Die Piraten kritisierten den SPD/CDU-Vorstoß als "Nullnummer". "Seit Februar fordern wir eine restriktivere Handhabung", sagte Fraktionschef Christopher Lauer. Dazu reiche eine entsprechende Dienstanweisung des Justizsenators an die Staatsanwaltschaft, den Einsatz künftig genau zu begründen. "Es ist lächerlich, dass sich Betroffene nun im Internet selbst schlaumachen sollen", sagte Lauer weiter. "Die Bringschuld liegt beim Staat, das ist Gesetz."

Funkzellenabfrage könnte unverhältnismäßig sein

Grünen-Innenpolitiker Benedikt Lux forderte, die Abfrage nur als letztes Mittel zuzulassen. "Bislang reicht es, wenn die Ermittlungen sonst "wesentlich erschwert" sind - das ist ein sehr dehnbarer Begriff." Es sei zudem nicht erwiesen, dass die Maßnahme überhaupt im Verhältnis zum Erfolg stehe.

Bei der Abfrage werden anonyme Daten von Mobilfunknutzern in einem bestimmten Gebiet und Zeitraum erhoben.
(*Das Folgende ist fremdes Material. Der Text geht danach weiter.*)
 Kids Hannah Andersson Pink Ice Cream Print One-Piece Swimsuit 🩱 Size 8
Dazu zählen etwa Rufnummer, Anfangs- und Endzeit von Gesprächen sowie der ungefähre Standort. Die Anschlussinhaber werden erst nach weiteren Anhaltspunkten ermittelt. Laut Polizei ist dies in weniger als einem Prozent der Fall.
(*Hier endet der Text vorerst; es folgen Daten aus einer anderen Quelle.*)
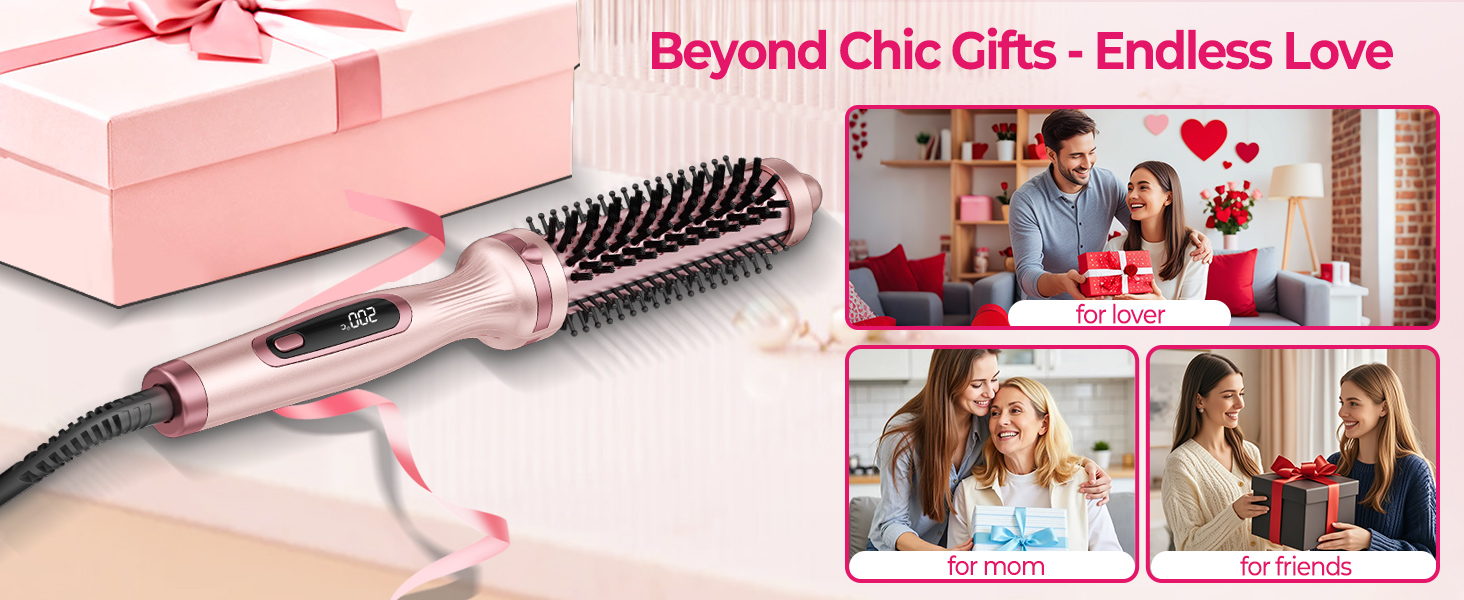 UKLISS Hairstyler 5 в 1: Фен-щітка, стайлер для волосся, плойка, насадки для об'єму та випрямлення (Класичний Рожевий)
Zwischen 2009 und Ende Juli 2012 wurde die Funkzellenabfrage in Berlin in 1 109 Verfahren eingesetzt. In 116 Fällen wurden neue Ermittlungsinhalte gewonnen - ob damit Täter überführt werden konnten, ist jedoch unklar. Insgesamt fielen mehr als 6,6 Millionen Datensätze an.

Update 11.10., 11:00 Uhr: Berliner Senat statt Bundesregierung

Der gemeinsame Beschluss stammt nicht wie ursprünglich berichtet von der Bundesregierung, sondern vom Berliner Senat. Dieser Fehler wurde korrigiert.